Dang...I would love to take on that challenge.  Doesn't seem to difficult.  But I am so far behind as it is, and busy at work, I just can't do it.  You might want to start by finding a big screw that you can drill out.  It's not going to be comfy on the fingers holding a screw pen.  Come to think of it...I think what I would do find a large diameter screw and part it in three sections, so you have a nib, a centerband and a finial.  Inbetween those part I'd go with simple straight shot aluminum...so you still have a tapered pen with threaded tip and other sections, but the main body is comfortable to use and doesn't cut up your hands.


----------



## Len Shreck (Oct 8, 2010)

Sorry I didnt put it in the first post he wants it made from wood and just made to look like a screw. He wants to have it made for a lawyer friend of his. He specify it needs to be made of wood. Sorry if I wasnt clear on that. Len


----------



## robutacion (Oct 8, 2010)

Well, you may need either a metal lathe to get the thread made or a router attachment on your wood lathe.

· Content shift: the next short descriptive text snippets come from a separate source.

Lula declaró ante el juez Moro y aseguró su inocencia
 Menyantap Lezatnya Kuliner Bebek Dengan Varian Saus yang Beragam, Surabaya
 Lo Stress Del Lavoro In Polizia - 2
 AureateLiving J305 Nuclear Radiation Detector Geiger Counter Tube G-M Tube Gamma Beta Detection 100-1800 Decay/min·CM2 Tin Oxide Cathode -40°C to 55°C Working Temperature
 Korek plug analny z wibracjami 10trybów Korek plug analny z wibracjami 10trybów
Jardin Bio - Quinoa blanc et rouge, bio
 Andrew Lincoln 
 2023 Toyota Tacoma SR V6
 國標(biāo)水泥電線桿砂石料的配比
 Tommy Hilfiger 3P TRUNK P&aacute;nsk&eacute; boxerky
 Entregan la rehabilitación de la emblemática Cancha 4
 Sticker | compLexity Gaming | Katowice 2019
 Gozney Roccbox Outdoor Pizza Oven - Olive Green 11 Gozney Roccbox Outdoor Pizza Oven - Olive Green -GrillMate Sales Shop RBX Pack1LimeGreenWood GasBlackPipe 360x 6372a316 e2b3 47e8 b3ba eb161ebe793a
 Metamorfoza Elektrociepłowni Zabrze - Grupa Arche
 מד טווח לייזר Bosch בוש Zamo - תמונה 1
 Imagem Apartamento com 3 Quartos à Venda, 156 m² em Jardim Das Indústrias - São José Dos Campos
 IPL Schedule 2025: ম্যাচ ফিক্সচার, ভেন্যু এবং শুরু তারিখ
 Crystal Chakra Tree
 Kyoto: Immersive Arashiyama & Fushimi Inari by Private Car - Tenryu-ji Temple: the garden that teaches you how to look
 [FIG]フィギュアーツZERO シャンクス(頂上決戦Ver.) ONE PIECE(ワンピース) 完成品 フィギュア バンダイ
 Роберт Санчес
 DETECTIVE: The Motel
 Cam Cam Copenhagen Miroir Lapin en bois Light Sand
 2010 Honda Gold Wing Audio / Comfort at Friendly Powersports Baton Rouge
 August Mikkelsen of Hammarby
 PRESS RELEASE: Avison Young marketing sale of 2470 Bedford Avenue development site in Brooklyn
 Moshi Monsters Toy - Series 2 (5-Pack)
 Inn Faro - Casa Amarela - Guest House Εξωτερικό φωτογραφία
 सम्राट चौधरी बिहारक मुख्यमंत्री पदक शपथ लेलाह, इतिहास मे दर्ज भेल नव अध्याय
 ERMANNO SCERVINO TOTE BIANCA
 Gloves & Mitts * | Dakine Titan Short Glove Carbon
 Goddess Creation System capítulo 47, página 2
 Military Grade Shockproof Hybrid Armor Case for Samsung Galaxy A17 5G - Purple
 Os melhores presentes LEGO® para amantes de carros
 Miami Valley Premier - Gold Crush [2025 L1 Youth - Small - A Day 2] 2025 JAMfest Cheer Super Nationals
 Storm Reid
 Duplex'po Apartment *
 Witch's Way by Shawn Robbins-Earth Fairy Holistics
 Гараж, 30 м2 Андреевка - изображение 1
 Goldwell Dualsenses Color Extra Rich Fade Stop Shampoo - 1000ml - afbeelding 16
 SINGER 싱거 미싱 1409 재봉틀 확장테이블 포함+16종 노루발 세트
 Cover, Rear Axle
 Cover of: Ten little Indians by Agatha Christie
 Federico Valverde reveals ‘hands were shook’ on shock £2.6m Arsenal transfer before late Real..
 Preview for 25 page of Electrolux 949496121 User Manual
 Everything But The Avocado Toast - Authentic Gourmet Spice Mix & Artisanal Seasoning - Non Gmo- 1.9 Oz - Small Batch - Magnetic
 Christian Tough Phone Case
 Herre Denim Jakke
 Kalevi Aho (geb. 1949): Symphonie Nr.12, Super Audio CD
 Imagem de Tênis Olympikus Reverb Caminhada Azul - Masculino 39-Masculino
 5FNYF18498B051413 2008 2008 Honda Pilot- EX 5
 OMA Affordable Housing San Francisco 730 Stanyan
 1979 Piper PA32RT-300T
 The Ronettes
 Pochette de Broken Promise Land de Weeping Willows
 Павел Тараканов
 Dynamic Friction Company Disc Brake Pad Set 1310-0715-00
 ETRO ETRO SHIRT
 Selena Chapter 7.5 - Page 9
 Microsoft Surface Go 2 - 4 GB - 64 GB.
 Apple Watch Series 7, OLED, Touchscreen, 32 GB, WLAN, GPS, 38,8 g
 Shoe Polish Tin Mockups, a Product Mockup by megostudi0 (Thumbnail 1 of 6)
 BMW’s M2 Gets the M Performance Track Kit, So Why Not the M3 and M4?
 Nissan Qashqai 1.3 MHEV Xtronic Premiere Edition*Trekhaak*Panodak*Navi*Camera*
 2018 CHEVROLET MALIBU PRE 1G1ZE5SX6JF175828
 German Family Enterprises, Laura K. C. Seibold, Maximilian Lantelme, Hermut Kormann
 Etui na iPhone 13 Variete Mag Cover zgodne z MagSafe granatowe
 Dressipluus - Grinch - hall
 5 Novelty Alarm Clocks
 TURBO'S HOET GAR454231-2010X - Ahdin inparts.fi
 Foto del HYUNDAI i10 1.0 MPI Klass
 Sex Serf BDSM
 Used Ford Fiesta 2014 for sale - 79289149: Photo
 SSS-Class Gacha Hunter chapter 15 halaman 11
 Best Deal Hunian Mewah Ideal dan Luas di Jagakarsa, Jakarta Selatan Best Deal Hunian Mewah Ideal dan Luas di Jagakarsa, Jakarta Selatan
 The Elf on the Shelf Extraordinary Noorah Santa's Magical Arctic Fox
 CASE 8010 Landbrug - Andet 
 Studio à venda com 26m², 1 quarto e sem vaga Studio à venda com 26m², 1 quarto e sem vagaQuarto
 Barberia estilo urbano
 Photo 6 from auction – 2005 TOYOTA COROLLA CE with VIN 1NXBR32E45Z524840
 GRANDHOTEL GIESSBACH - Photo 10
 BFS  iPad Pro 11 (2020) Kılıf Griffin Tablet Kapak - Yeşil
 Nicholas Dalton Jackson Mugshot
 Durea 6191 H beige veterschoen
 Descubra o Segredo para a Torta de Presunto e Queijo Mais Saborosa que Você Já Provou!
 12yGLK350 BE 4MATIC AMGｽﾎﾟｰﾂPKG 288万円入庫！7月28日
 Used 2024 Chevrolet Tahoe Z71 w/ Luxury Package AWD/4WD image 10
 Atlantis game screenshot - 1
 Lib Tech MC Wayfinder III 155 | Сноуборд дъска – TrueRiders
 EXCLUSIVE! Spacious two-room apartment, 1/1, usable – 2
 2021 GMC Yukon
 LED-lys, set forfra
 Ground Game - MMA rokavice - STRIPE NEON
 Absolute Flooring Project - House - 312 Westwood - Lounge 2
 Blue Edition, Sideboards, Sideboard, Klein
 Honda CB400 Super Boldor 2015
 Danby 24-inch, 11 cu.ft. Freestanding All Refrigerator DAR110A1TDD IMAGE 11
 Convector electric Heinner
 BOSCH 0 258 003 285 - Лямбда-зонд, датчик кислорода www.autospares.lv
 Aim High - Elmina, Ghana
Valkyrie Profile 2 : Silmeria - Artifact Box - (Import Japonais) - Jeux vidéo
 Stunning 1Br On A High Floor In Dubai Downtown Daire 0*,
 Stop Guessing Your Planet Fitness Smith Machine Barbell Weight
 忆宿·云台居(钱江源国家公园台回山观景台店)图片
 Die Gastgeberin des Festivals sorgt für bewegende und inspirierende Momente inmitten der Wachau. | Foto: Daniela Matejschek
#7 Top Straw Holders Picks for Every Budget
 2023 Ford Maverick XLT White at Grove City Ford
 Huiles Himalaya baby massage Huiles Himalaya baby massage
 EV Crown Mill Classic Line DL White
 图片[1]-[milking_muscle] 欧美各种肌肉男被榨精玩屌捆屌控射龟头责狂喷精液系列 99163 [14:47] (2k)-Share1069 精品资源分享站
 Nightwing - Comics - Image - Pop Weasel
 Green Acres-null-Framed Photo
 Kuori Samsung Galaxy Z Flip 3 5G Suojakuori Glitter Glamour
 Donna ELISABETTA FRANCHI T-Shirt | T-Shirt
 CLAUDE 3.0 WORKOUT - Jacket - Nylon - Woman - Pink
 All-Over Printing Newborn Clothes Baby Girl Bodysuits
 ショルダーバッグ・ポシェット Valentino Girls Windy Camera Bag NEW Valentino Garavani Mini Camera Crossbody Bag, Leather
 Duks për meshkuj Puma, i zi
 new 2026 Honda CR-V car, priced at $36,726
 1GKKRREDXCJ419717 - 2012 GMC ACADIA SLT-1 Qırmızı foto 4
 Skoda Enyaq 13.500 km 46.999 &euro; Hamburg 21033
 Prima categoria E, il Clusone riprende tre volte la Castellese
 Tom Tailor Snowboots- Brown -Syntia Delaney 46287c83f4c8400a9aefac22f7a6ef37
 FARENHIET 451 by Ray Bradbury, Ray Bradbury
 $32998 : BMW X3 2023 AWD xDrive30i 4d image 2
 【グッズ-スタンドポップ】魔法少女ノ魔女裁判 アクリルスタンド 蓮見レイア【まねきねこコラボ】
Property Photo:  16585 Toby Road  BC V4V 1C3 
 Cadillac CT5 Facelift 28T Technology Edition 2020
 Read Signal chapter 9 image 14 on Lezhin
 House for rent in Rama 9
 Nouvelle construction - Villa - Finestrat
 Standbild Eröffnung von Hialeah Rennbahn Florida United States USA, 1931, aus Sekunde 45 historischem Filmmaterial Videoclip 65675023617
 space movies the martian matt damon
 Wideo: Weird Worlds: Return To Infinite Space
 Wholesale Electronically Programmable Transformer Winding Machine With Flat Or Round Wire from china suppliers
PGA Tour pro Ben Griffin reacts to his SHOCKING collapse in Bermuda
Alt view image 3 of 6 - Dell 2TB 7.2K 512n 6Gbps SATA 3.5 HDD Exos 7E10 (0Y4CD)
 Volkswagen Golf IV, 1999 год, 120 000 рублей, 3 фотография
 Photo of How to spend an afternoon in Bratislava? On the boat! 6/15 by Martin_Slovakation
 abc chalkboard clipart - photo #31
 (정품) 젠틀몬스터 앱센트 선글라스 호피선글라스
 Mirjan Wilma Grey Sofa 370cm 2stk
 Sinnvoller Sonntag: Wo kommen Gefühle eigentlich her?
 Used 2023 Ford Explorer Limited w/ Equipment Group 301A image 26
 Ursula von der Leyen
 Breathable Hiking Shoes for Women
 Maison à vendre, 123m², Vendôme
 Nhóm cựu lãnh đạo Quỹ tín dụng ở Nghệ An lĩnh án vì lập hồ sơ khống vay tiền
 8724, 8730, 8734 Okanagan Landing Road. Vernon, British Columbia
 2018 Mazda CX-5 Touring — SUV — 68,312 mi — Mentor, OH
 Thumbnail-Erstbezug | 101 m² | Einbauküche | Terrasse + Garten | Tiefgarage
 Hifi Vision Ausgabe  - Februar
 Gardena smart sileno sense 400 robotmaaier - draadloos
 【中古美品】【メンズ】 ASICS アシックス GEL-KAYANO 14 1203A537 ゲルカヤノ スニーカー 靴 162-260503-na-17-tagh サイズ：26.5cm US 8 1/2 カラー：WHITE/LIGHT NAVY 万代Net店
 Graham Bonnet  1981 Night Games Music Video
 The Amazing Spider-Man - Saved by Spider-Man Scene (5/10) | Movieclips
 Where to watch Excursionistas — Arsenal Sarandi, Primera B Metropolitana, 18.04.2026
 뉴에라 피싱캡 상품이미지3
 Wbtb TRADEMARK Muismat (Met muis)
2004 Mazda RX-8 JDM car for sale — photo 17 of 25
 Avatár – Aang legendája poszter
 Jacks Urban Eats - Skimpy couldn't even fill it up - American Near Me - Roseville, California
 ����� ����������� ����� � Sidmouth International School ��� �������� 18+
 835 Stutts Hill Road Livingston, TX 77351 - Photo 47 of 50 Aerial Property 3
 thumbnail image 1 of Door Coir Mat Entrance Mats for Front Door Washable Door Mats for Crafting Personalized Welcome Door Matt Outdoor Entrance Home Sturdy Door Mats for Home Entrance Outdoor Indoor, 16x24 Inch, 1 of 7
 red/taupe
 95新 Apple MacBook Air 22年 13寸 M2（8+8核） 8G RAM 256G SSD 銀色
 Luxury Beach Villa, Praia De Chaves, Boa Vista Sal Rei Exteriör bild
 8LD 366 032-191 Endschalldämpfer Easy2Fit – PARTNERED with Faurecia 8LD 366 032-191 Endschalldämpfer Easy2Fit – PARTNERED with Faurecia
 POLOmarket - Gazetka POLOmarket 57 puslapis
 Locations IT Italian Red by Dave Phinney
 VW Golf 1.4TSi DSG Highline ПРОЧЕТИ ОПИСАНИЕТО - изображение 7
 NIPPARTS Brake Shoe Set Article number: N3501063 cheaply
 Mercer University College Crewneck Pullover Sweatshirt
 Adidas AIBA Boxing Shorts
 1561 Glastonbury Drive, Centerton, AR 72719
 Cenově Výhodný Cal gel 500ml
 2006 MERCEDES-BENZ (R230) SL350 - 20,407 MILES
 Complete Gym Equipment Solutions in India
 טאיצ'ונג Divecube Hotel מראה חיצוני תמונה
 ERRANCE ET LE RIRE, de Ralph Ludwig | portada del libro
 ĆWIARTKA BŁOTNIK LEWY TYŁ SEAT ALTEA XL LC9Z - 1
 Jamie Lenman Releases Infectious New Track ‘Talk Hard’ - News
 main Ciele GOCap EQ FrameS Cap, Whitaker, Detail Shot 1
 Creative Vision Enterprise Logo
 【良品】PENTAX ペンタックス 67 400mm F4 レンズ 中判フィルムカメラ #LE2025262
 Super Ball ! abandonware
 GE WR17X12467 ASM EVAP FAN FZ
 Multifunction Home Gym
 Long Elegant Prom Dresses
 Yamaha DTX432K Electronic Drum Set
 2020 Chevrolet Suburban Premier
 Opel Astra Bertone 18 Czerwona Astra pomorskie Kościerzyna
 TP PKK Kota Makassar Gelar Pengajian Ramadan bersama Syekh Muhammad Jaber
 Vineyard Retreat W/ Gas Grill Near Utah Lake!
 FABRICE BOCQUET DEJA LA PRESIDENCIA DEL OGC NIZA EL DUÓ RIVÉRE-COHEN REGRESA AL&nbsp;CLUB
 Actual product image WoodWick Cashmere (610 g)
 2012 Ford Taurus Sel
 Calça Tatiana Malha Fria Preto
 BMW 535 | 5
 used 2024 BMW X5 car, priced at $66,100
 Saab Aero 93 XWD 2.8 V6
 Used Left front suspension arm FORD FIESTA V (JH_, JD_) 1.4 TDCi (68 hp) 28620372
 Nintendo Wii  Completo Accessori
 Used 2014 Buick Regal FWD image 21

It is possible to make the coarse tread of a screw, is is a wood screw, there is, not sure what type screw your costumer is "visualizing" but, I would start by asking him/her that question first. I would suggest a click pen mechanism for this type pen.

If you find out what type screw is requested as a wood made pen and you don't have access to any of the tools I mention before, let me know and I will, explain to you how you can make a thread manually like those on the right of the pic but, you have a few possibilities as you can see...! 


Cheers
George


----------



## mredburn (Oct 8, 2010)

you could make the pen cap to look like the flat shoulder area and flair the cap/finial to look correct. for the lower barrel take a marker and trace out a spiral for the threads and then take a triangular file and hand file the threads in the wood. Take the lower blank and on your slowest speed or better yet with the lathe off run a pencil along the blank as you spin it. This will give you your thread spiral. make it as tight or loose as you want.
Charge accordingly.


----------



## jimm1 (Oct 8, 2010)

Not sure myself about this. What about turning a pen, then using a tap & dye to put threads on it. The new Rhinehart pen has a hex/bolt design to the kit that might add to the look. The not-so-wide threads may keep it comfortable to hold. Just a thought.


----------



## bruce119 (Oct 8, 2010)

Len Shreck said:


> Hello again all I got a phone call from a guy that would like to know if I am able to make a pen in the shape of a "SCREW." I have to admit I have no idea how to even go about it any suggestions would be very helpful? I only have a regular Jet lathe nothing special and no other special tools or attachments. He is willing to pay if I can only find a way to make it. Thanks in advance for any help that anyone can give. Len


 
You know I had that very idea and was going to keep it top secret till I worked on it. BUT have to be real I just don't have time.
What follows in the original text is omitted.